Canada mainly produces viscous oil with high sulphur content, which is similar to Venezuela’s Merey crude. That makes them close competitors for the specialised refineries that can process their output.

The vast majority of Canadian oil is exported to the US, where almost 70 per cent of refining capacity is designed primarily to handle its heavy grades. Until last month, Caracas was shipping most of its 900,000 b/d to refineries in China.

The toppling of Venezuela’s strongman leader Nicolás Maduro this month by the US caused a brief dip in Canadian producers’ share prices amid concerns the Caribbean nation’s barrels would displace Canada’s in the American market. But they have since rebounded because analysts expect any rise in Venezuelan exports to be modest in the short term.

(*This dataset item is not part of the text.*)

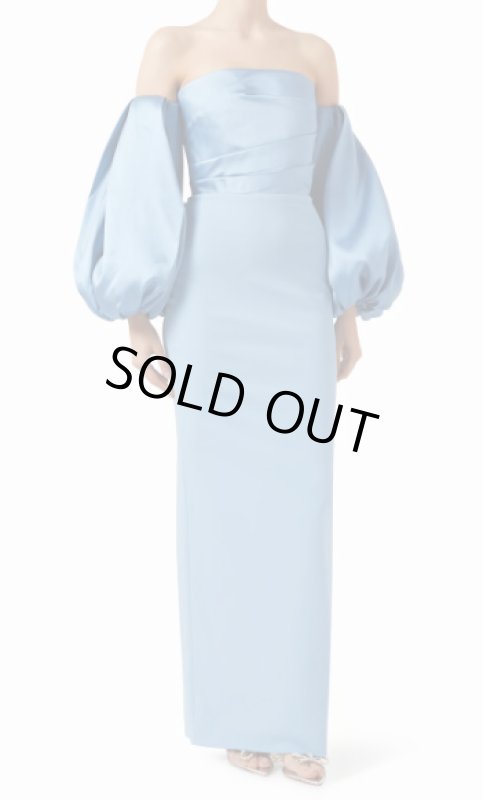 画像4: セール！【滝沢眞規子さん着用】Solace London ソレイスロンドン  Carmen off-the-shoulder satin-twill and crepe gown ブルー系  13826 (4)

Enverus, an energy consultancy, estimates that the Caribbean nation could boost production by 500,000 b/d by 2035. “That’s a slight negative for Canadian producers, but not catastrophic,” said Dane Gregoris, an analyst at Enverus.

But amid continuing trade tensions with Washington, Canadian producers and politicians are intensifying efforts to build more pipe capacity to Canada’s west coast to expand exports to Asia and other destinations beyond the US.

The crude oil tanker Pacific Jade is docked at the Westridge Marine Terminal with storage tanks and forested hills in the background.
The Trans Mountain Extension pipeline starts in Burnaby, British Columbia © Jennifer Gauthier/Reuters

Alberta’s premier Danielle Smith posted on X in early January that a proposal to run a pipeline to the north-west coast of British Columbia would be submitted by June “at the latest” and hopefully approved no later than this autumn.

Lisa Baiton, president of the Canadian Association of Petroleum Producers, said: “Canada has a natural advantage for supplying oil and [liquefied natural gas] to Asian markets, with shorter shipping routes and competitive pricing.”

The long lifespan of oil sands drilling projects, typically 40 to 80 years, is tempting some investors to rotate out of US shale assets towards Canadian producers, say analysts.

After more than a decade of breakneck expansion, growth in the US shale industry slowed last year due to a nearly 20 per cent drop in oil prices and a reduction in prime drilling prospects. Canadian oil sands projects can take more than a decade to develop and require large upfront capital investments but they provide decades of stable, long-term production when they come online.

“We are living in a post-frackers world,” said Cole Smead, chief executive of Smead Capital Management, an investment firm with holdings in Cenovus, Imperial Oil, Strathcona and Tamarack Valley Energy. “Investors now value long-lived oil assets.”

Heather Exner-Pirot, director of energy, natural resources and environment at the Macdonald-Laurier Institute in Ottawa, said Canada was a low-risk option for oil buyers in an increasingly uncertain world.

“Canadian producers have a brand of reliability,” she said. “Does Venezuela? It does not.”